A coupled numerical analysis of shield temperatures, heat losses and residual gas pressures in an evacuated super-insulation using thermal and fluid networks: Part III: Unsteady-state conditions (evacuation period)

Abstract

This paper analyses the evacuation period of a 300 L super-insulated cryogenic storage tank for liquid nitrogen. Storage tank and radiation shields are the same as in part I of this paper. The present analysis extends application of stationary fluid networks to unsteady-states to determine local, residual gas pressures between shields and the evacuation time of a multilayer super-insulation.
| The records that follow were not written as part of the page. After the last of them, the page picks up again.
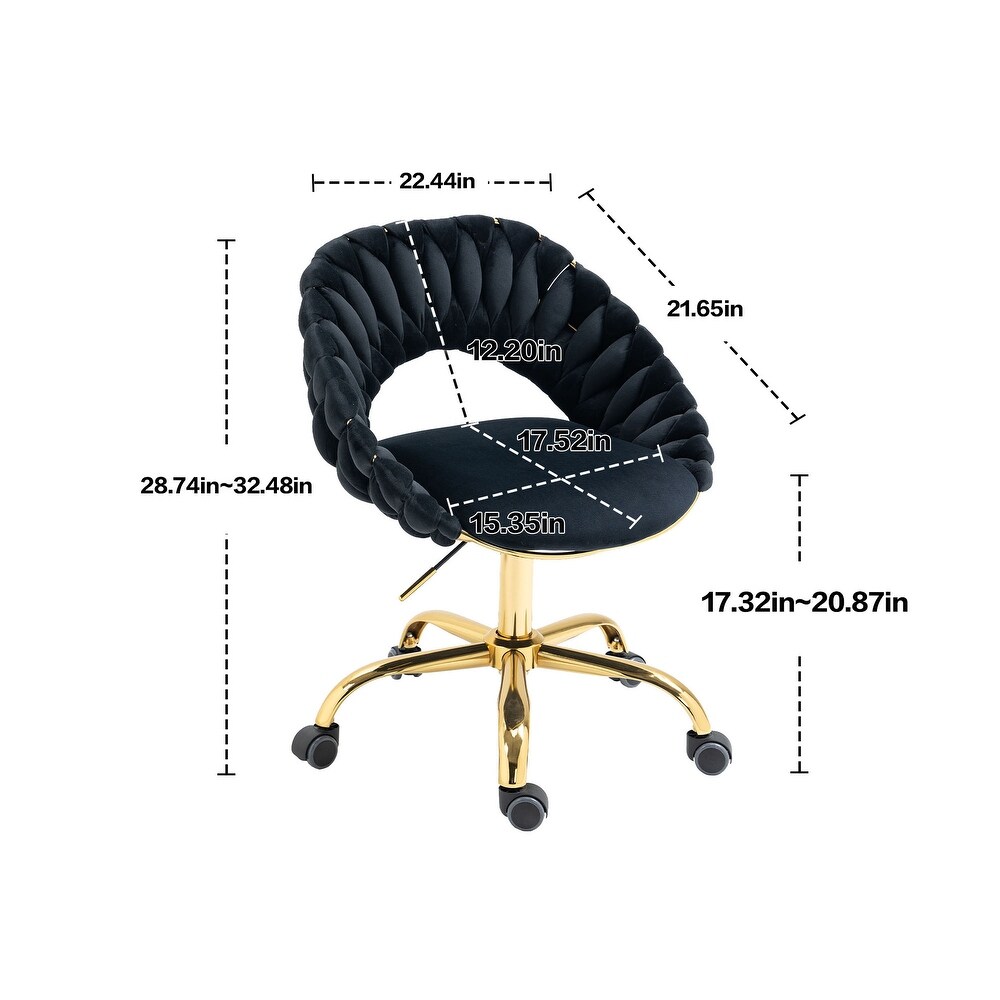 Modern Computer Office Chair  Adjustable Swivel Chair  Velvet Fabric Office Desk Chair  for Study  Living Room  Bedroom  Black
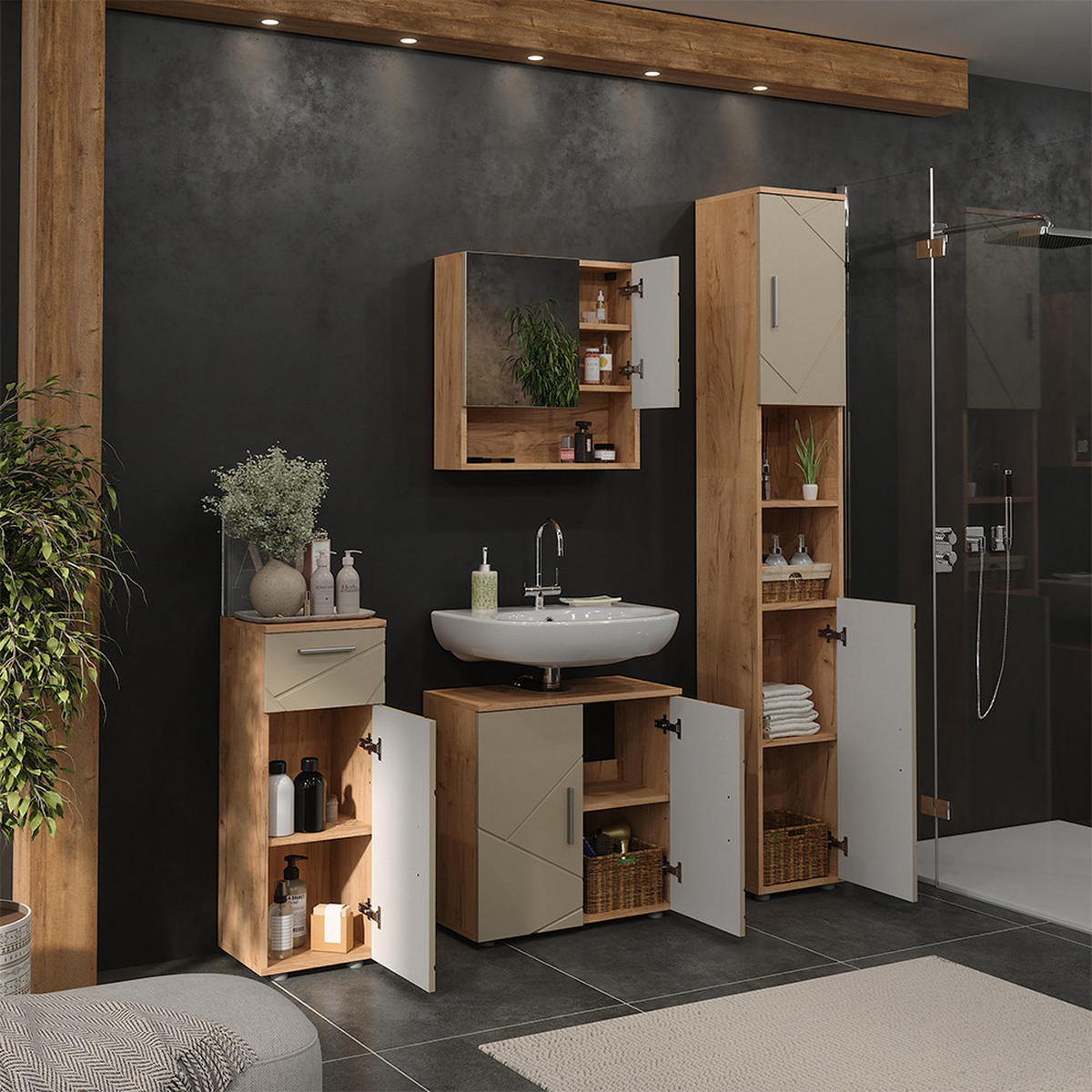 BADMÖBEL-SET Irma Beige 4 Teile - Honigeiche/Beige, Holzwerkstoff (60/59/30cm) - Vicco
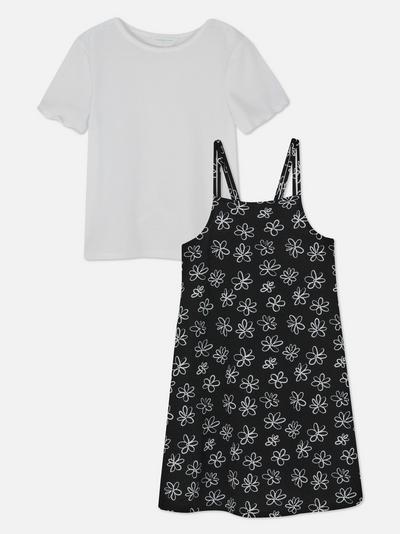 Set de rochiță și tricou cu flori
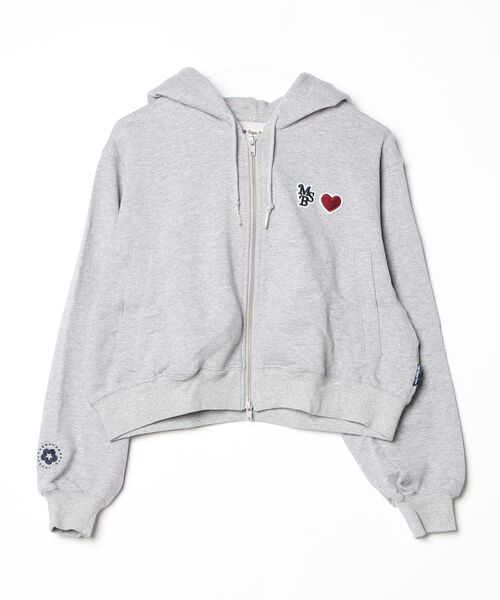 My sugar Babe（マイシュガーベイブ）の「Heart patch logo zip hoodie（パーカー・メンズ・ピンク/ブラック/グレー・MEDIUM/SMALL）」の2枚目の写真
Parameter tests comprise magnitude of desorption from radiation shields, spacers and container walls and their influence on length of the evacuation period. Calculation of the integrals over time-dependent desorption rates roughly confirms weight losses of radiation shields obtained after heating and out-gassing the materials, as reported in the literature. After flooding the insulation space with dry N 2-gas, the evacuation time can enormously be reduced, from 72 to 4 h, to obtain a residual gas pressure of 0.01 Pa in-between shields of this storage tank. Permeation of nitrogen through container walls is of no importance for residual gas pressures. The simulations finally compare freezing H 2O-layers adsorbed on shields, spacers and container walls with flooding of the materials.